On 10 November 2010 06:04, Kirk Wallace <[email protected]> wrote:
Speaking from a position of near-ignorance, having only been playing
with C for a few months myself, I might have a useful perspective.
> I would have tended to have made the read only param's as variables, but
> I found that variables won't show up in halscope, so I am assuming that
> param's were used for this reason?
I assume so. Params and pins live in the HAL shared-memory region
where other things can see them and adjust them (including Halscope).
In theory halscope could look at the memory location where
function-local variables were stored, but how would it know where to
look? Pins and parameter memory addresses are added to a database and
given a global name. (In fact, that is pretty much all that creating
a pin is, I suppose)
> I also would have declared new_in up
> in the param section as a variable or param, but I guess "int new_in =
> in" kills the declaration and the value assignment with one stone?
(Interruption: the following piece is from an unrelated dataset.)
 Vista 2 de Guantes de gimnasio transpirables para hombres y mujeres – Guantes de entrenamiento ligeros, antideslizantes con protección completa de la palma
Yes. It also means that new_in is local to that function (anything
declared between {} only exists within those braces) and possibly more
importantly isn't going to change part way through code execution.
Because "in" is in shared memory it makes sense to work on a static
copy of it to avoid trouble if it happens to be changed by another
function while the code is running.
> The
> statement "if(new_in && new_in != last_in)" kind of baffles me. "foo &&
> foo" seems to be a programming trick called a short circuit?
This works because != has a higher precedence than &&. This might be a
sign of a programmer who implicitly knows this, or a programmer who
got lucky. I would tend to prefer if(new_in && (new_in != last_in))
because I don't know my operator precedences.